==== Data records ====

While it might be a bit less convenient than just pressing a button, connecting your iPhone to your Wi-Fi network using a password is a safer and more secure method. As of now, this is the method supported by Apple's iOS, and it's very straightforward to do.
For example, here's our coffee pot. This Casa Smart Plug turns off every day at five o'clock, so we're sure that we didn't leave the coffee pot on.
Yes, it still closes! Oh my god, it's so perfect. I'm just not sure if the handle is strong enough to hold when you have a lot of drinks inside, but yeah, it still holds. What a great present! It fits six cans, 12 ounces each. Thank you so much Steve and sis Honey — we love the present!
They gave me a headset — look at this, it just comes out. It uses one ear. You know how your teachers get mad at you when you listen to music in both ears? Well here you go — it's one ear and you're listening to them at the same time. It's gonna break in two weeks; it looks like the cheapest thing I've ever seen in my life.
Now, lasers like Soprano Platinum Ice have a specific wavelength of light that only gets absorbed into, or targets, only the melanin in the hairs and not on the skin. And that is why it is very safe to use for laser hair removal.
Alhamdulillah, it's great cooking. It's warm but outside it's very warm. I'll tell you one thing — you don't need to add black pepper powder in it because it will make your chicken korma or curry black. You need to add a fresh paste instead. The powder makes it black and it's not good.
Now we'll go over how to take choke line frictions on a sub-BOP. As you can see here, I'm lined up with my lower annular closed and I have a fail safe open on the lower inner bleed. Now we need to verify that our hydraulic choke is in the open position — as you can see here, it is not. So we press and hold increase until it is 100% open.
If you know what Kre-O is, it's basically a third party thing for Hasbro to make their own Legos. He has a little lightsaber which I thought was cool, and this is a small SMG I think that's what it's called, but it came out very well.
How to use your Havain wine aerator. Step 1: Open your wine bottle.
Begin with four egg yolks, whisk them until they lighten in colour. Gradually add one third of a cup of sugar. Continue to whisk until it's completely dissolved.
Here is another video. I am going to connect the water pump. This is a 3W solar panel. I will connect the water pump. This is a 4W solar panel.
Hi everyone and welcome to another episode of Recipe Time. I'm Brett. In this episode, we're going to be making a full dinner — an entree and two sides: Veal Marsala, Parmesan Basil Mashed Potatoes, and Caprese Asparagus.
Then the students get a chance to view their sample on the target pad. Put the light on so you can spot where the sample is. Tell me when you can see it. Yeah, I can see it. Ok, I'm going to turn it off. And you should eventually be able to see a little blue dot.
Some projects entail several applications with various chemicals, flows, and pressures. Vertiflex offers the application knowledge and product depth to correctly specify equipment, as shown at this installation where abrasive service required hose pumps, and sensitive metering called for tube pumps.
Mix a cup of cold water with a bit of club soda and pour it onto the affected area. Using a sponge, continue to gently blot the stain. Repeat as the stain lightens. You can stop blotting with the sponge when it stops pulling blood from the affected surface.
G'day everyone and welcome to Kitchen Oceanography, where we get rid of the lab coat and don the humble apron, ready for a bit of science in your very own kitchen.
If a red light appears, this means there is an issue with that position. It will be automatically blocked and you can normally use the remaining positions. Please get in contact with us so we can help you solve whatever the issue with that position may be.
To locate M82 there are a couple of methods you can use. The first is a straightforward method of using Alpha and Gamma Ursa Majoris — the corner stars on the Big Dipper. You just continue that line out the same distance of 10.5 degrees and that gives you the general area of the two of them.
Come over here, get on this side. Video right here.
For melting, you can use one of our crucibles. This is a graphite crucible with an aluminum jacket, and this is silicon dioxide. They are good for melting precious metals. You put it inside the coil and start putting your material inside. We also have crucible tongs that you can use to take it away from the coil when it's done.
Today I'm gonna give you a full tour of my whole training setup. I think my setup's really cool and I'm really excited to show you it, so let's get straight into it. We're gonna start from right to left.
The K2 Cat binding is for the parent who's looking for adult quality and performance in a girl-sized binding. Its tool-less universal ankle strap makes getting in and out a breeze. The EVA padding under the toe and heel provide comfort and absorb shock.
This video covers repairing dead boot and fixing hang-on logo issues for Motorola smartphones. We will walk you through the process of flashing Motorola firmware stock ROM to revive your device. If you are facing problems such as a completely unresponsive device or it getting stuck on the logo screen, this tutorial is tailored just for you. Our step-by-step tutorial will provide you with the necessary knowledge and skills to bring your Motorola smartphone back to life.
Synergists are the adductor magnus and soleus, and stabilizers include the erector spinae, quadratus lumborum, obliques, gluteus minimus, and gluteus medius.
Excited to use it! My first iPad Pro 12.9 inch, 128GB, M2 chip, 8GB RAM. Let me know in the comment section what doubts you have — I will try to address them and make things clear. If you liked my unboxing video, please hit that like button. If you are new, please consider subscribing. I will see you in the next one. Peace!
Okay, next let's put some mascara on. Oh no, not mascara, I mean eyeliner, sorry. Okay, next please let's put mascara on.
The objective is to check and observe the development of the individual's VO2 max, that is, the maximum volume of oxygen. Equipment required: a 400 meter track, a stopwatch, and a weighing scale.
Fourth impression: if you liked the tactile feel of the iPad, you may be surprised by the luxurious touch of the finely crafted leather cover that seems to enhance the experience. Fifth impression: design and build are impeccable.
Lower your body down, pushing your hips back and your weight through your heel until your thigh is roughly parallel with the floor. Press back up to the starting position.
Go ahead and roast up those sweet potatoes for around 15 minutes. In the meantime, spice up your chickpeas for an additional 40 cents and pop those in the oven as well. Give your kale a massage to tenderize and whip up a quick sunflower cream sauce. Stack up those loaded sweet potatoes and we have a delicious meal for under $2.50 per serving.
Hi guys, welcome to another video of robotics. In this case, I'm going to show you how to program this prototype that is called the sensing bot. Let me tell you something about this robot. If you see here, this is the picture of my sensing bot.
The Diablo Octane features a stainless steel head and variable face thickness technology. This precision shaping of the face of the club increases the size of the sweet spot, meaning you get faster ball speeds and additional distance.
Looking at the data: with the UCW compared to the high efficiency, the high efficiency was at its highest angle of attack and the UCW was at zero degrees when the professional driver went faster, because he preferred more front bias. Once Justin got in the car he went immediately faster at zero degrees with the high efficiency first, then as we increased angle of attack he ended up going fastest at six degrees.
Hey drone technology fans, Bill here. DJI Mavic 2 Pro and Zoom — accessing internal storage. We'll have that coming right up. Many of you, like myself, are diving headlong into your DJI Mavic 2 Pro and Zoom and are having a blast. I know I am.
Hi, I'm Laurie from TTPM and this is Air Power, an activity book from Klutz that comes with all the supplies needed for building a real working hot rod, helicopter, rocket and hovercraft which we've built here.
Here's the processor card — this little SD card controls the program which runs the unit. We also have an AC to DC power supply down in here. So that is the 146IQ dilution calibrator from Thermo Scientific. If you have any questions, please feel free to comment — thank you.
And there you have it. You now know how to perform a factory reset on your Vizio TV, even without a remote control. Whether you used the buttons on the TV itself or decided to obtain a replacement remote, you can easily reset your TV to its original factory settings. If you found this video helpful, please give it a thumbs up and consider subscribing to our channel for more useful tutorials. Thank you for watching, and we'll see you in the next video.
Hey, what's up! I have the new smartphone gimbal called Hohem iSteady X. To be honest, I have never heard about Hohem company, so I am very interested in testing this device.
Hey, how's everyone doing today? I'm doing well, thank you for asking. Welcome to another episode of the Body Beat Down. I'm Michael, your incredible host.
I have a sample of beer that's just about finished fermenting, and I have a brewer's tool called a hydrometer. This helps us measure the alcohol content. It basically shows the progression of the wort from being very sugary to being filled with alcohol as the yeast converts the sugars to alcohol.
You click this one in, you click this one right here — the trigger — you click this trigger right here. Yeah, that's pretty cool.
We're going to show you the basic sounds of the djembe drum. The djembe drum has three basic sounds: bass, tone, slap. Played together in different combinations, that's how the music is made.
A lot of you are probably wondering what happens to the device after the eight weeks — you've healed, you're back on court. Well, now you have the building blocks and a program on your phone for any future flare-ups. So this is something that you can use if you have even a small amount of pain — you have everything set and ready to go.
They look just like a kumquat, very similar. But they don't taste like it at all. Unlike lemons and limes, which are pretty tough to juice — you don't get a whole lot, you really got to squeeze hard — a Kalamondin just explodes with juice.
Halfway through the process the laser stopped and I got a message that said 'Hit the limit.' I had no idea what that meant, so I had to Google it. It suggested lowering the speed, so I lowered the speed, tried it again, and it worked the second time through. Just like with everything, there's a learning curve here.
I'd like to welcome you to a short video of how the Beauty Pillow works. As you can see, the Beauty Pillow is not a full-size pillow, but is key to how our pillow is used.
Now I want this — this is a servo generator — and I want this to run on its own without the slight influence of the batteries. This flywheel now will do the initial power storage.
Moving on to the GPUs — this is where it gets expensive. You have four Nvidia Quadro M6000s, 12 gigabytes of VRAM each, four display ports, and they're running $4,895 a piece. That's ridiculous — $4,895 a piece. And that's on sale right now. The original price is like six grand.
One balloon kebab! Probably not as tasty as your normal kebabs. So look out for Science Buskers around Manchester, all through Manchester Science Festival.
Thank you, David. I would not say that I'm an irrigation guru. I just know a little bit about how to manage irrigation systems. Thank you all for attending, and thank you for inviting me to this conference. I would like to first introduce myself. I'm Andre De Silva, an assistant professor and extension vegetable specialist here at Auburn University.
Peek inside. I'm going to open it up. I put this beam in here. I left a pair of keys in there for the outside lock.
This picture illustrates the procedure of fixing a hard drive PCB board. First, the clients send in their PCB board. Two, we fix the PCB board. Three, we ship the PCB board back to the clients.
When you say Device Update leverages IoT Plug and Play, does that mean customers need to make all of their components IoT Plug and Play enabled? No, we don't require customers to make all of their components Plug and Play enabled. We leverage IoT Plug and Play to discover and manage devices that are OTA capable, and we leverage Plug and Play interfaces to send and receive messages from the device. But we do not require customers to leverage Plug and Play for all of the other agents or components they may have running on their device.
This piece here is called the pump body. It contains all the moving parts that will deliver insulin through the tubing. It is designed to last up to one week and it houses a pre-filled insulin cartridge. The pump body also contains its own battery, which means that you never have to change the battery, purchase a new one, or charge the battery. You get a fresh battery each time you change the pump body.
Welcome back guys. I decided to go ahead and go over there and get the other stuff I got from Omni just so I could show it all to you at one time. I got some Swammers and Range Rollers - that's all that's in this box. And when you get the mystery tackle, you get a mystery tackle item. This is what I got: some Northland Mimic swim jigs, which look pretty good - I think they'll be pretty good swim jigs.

====

▸ **Work task**:
Exactly as they stand, set down the lines from the top of the data through the line with "They gave me".

▸ **Task answer**:
While it might be a bit less convenient than just pressing a button, connecting your iPhone to your Wi-Fi network using a password is a safer and more secure method. As of now, this is the method supported by Apple's iOS, and it's very straightforward to do.
For example, here's our coffee pot. This Casa Smart Plug turns off every day at five o'clock, so we're sure that we didn't leave the coffee pot on.
Yes, it still closes! Oh my god, it's so perfect. I'm just not sure if the handle is strong enough to hold when you have a lot of drinks inside, but yeah, it still holds. What a great present! It fits six cans, 12 ounces each. Thank you so much Steve and sis Honey — we love the present!
They gave me a headset — look at this, it just comes out. It uses one ear. You know how your teachers get mad at you when you listen to music in both ears? Well here you go — it's one ear and you're listening to them at the same time. It's gonna break in two weeks; it looks like the cheapest thing I've ever seen in my life.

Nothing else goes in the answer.